如果一個操作是legal的, legalize過程將會忽略這個節點, 否則根據分類做對應的legalize, 其中custom類型需要編譯器開發人員自己實現回調來使節點合法化.
LegalizeTypeAction枚舉含義類似, 但是根據數據類型不同細分了更多的種類.
每個架構需要指定每個數據類型/操作在這個架構上legalize的類型, 這些信息保存在TargetLoweringBase類中.

class TargetLoweringBase {
  /// This indicates the default register class to use for each ValueType the
  /// target supports natively.
  const TargetRegisterClass *RegClassForVT[MVT::LAST_VALUETYPE];

  /// For any value types we are promoting or expanding, this contains the value
  /// type that we are changing to.  For Expanded types, this contains one step
  /// of the expand (e.g. i64 -> i32), even if there are multiple steps required
  /// (e.g. i64 -> i16).  For types natively supported by the system, this holds
  /// the same type (e.g. i32 -> i32).
  MVT TransformToType[MVT::LAST_VALUETYPE];

  /// For each operation and each value type, keep a LegalizeAction that
  /// indicates how instruction selection should deal with the operation.  Most
  /// operations are Legal (aka, supported natively by the target), but
  /// operations that are not should be described.  Note that operations on
  /// non-legal value types are not described here.
  LegalizeAction OpActions[MVT::LAST_VALUETYPE][ISD::BUILTIN_OP_END];
};

寄存器類型決定了架構操作的數據類型, 因此RegClassForVT數組保存了每種數據類型映射的對應的寄存器類型.
當該架構不支持某個數據類型時需要將其轉換為合法的數據類型, TransformToType數組保存了需要轉換的目標類型.
最后對於一個給定某一數據類型的操作, 其legalize的類型被保存在二維數組OpActions中. 在索引該數組時注意如果架構不支持某一數據類型那么必然不支持該數據類型的所有操作. 此時該數據類型的操作的legalize方式不應該從這個數組中查找, 而是從TransformToType中首先轉換為合法的數據類型再在對應的操作中查找.
TargetLoweringBase中還保存extend load / trunc store / condition code等節點的legalize方式, 限於篇幅這里一一解釋.
我們先看下何修改OpActions, TargetLoweringBase提供了兩個接口來設置與訪問這個數組.

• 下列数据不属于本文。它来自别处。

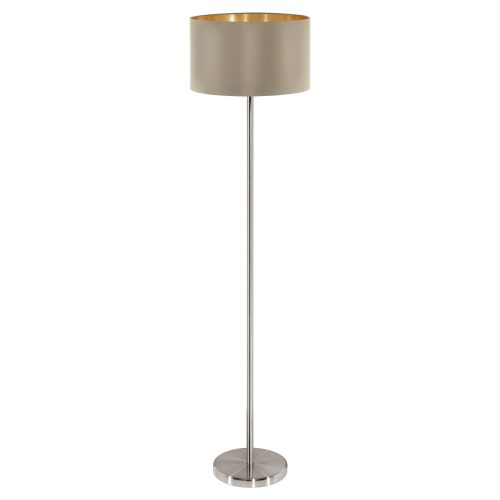 EGLO 95171 MASERLO álló lámpa 60W 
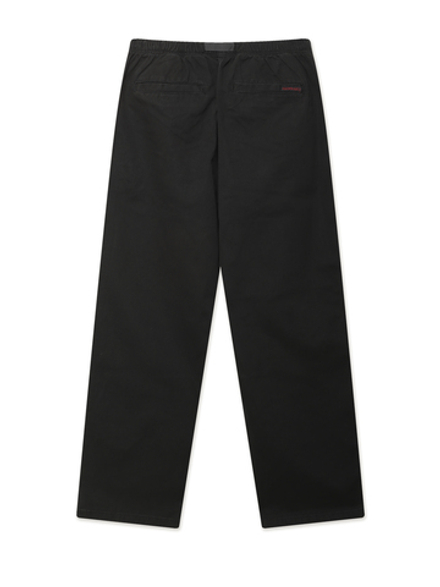 Мужские Брюки Gramicci Pant Straight Fit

class TargetLoweringBase {
public:
  /// Indicate that the specified operation does not work with the specified
  /// type and indicate what to do about it. Note that VT may refer to either
  /// the type of a result or that of an operand of Op.
  void setOperationAction(unsigned Op, MVT VT,
                          LegalizeAction Action) {
    assert(Op < array_lengthof(OpActions[0]) && "Table isn't big enough!");
    OpActions[(unsigned)VT.SimpleTy][Op] = Action;
  }

  /// Return how this operation should be treated: either it is legal, needs to
  /// be promoted to a larger size, needs to be expanded to some other code
  /// sequence, or the target has a custom expander for it.
  LegalizeAction getOperationAction(unsigned Op, EVT VT) const {
    if (VT.isExtended()) return Expand;
    // If a target-specific SDNode requires legalization, require the target
    // to provide custom legalization for it.
    if (Op >= array_lengthof(OpActions[0])) return Custom;
    return OpActions[(unsigned)VT.getSimpleVT().SimpleTy][Op];
  }
};

每個架構都有一個[arch]TargetLowering類繼承TargetLoweringBase類, 在該類的構造函數中會調用setOperationAction()初始化OpActions. 我們以RISCV為例, 截取RISCVTargetLowering::RISCVTargetLowering()(defined in lib/Target/RISCV/RISCVISelLowering.cpp)的部分代碼.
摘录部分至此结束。